Add L1 Benchmarking #1

schwarz-em · 2022-02-20T05:28:18Z

The main changes in this PR are adding a python script (L1-benchmarking.py) to test coverage, accuracy and timeliness and adding a bash script (benchmarkingL1.sh) to run the tests automatically. The benchmarking script reads from the printed values in the RTL sim .out files to test the prefetcher metrics, so the printfs in the HellaCache prefetcher wrapper are necessary.

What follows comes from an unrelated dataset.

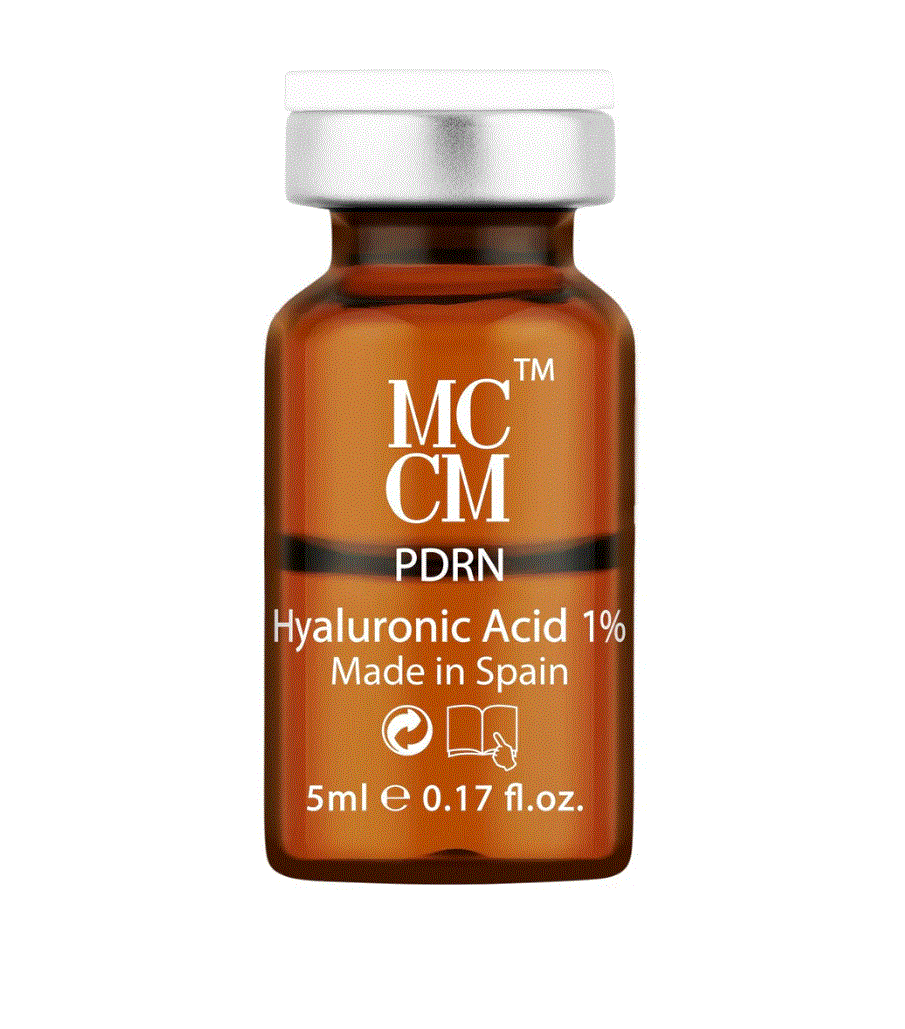 MCCM™ PDRN + HYALURONIC ACID 1% 5ML BOX 5 VIALS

The way to calculate cache metrics is not standardized, so I'm open to suggestions on possible ways to make the calculations more useful/accurate.

…nto ella-prefetching

jerryz123

This is a neat way to get metrics on simple bare-metal benchmarks, and I think its useful for that use case, but I have concerns over how this approach will scale to larger workloads. There's several edge cases which I'm not sure this approach can handle accurately.

What happens when the same address is accessed multiple times across different phases of the program? I see this is blind to duplicates. Does that not matter for simple benchmarks?
What happens when there is timing dependent execution? For simple benchmarks a non-prefetch config might execute the same code path as a prefetch config, but on a large Linux workload timing will affect the code paths taken.

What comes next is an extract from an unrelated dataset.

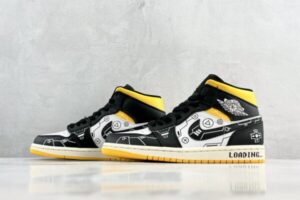 Air Jordan 1 Mid Loading Women PR-134455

Also, how does this prefetcher evaluation approach compare to the evaluation method in DPC3/DPC2?

jerryz123 · 2022-02-20T05:50:09Z

benchmarking/L1-benchmarking.py

+
+
+
+main()


Make this pythonic:

if __name__ == "__main__": main()

jerryz123 · 2022-02-20T05:51:47Z

benchmarking/L1-benchmarking.py

+import sys
+
+def main():
+    with open(sys.argv[1]) as f:


Can you try to use python's argparse thing? https://docs.python.org/3/library/argparse.html

Notably, it lets you specify a "help" message, and makes it easier to add more arguments down the line.

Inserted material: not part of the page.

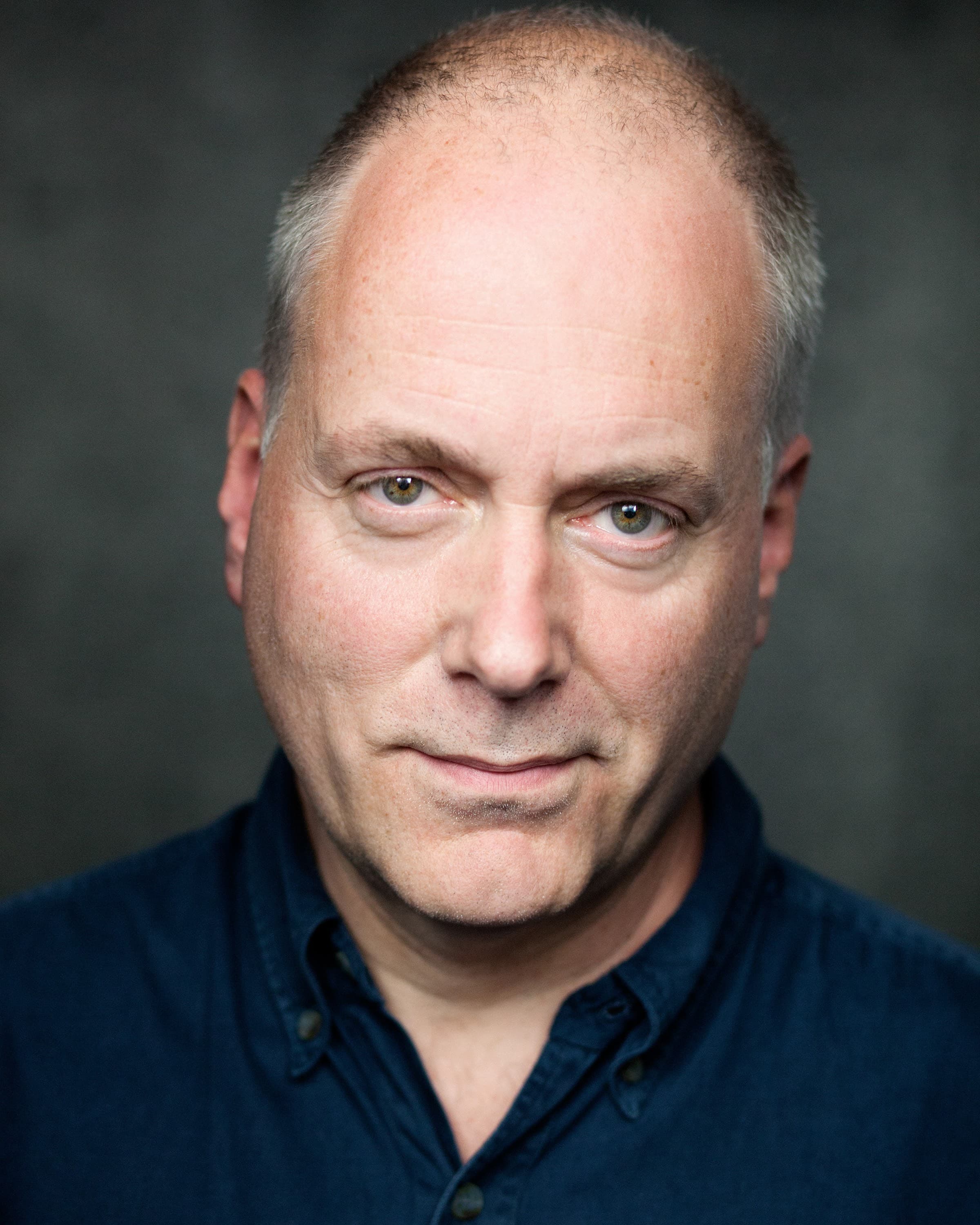 Simon Treves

src/main/scala/HellaCachePrefetcher.scala

jerryz123 · 2022-02-20T05:58:20Z

src/main/scala/HellaCachePrefetcher.scala

@@ -84,7 +87,28 @@ class HellaCachePrefetchWrapperModule(pP: CanInstantiatePrefetcher, outer: Hella
    cache.io.cpu.req.bits.phys := false.B
    cache.io.cpu.req.bits.no_alloc := false.B
    cache.io.cpu.req.bits.no_xcpt := false.B
-    when (cache.io.cpu.req.fire()) { in_flight := true.B }
+    when (cache.io.cpu.req.fire()) { 


Leave the original block, and add a separate block for the prefetch print statements, gated by a config option.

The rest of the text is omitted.